Le corps et notamment les mains gardent physiquement l’empreinte du passé. Ce rôle du toucher est clairement exposé par des sauts entre parole et image.

Avec le verbe de Marguerite Duras et le regard d’Alain Resnais, Hiroshima mon amour nous prend aux tripes et au cœur. Pas de leçon, juste les faits, dans toute leur intimité.
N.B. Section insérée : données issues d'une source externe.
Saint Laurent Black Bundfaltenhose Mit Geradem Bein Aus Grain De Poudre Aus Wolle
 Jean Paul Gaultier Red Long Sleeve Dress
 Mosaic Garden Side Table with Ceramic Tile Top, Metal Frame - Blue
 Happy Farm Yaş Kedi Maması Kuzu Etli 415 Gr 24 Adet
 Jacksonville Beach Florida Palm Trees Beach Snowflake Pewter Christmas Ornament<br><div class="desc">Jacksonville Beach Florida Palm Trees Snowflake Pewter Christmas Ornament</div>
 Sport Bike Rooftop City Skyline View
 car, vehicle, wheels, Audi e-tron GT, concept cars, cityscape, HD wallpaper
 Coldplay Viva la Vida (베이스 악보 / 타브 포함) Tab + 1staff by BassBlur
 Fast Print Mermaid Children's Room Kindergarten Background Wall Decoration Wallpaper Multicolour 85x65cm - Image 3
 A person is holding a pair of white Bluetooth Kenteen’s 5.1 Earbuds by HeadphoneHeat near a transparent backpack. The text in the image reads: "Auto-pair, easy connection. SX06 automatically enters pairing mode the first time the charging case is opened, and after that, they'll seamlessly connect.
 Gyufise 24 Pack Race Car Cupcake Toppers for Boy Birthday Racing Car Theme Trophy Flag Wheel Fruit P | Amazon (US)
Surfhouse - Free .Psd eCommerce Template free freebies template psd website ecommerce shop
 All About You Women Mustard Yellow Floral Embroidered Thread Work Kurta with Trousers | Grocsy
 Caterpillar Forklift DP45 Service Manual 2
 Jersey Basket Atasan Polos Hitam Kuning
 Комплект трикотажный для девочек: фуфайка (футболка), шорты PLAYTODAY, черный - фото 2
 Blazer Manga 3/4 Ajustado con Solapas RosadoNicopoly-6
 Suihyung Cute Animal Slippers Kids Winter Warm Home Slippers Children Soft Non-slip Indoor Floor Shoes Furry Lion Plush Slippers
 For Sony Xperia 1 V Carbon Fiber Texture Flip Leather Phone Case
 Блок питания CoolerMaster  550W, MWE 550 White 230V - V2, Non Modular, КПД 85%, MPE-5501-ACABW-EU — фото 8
Etonnant, déroutant, admirable, écrira Samuel Lachize. «Fulgurant, terrifiant, plein de douceur, de tendresse et de désir» ajoutera Jacques Doniol Valcroze.

Muriel ou le temps d’un retour (1963)

Jeudi 10 août à 21h à la chaumière d’Aulagnier Petit (Mazet St Voy)

Ici nous sommes vraiment au présent, et qu’y voyons-nous ? Une perpétuelle agitation, vaine et frénétique, étourdie, confuse.

Prenons deux des personnages : accrochée aux épaves de ses souvenirs, vrais ou faux, Hélène surnage, ballotée entre une mémoire oublieuse et une illusion déjà déçue. Pas de retour, quelle que soit notre frivolité, nous sommes chronophages, irréversible  

Impossibilité de faire partager l’expérience vécue de la guerre, la peur, le courage, la lâcheté, la dépersonnalisation. Et de surcroit pour la guerre d’Algérie, la mauvaise conscience de comportements inavouables. Bernard est ainsi emmuré dans le mutisme.

Il en est de la mémoire comme de Boulogne ou de l’appartement d’Hélène un véritable chaos, peuplé d’apparences et de justificatifs. Chacun est à la recherche de souvenirs perdus appropriés à ses besoins et ses angoisses

Ce qui ressort du film, c’est l’absence de conscience collective, y compris au micro niveau familial, chacun est dans sa mémoire à soi, figé dans son passé. Face à cette lucidité, l’affirmation sous entendue que désir et besoin d’amour permettent d’élargir une expérience irrémédiablement solitaire ; bref de permettre de survivre.

Mon oncle d‘Amérique (1980)

Lundi 7 août à 21h à la chaumière d’Aulagnier Petit (Mazet St Voy)

Mon oncle d’Amérique est une œuvre consacrée aux travaux de Henri Laborit sur le comportement. Il est lui-même présent dans le film lors de ses expérimentations effectuées sur des rats accompagnées de ses commentaires. Le film  est focalisée sur trois personnages sous plusieurs niveaux  d’une part leur propre histoire, d’autre part leurs représentations liées au cinéma, chacun ayant son propre héros  ( Jean Gabin, Danielle Darrieux, Jean Marais) ; et enfin leurs propres souvenirs. Fuites, recherche de plaisir, punitions, consommations diverses, justifications parsèment ces vies et dressent un tableau surprenant voire déroutant de notre mémoire. 

Au-delà de cette thématique, l’intervention du hasard est bien mise en avant dans le déroulement de ces vies Thème qui fera  l’objet de Smoking, no smoking quelques années plus tard.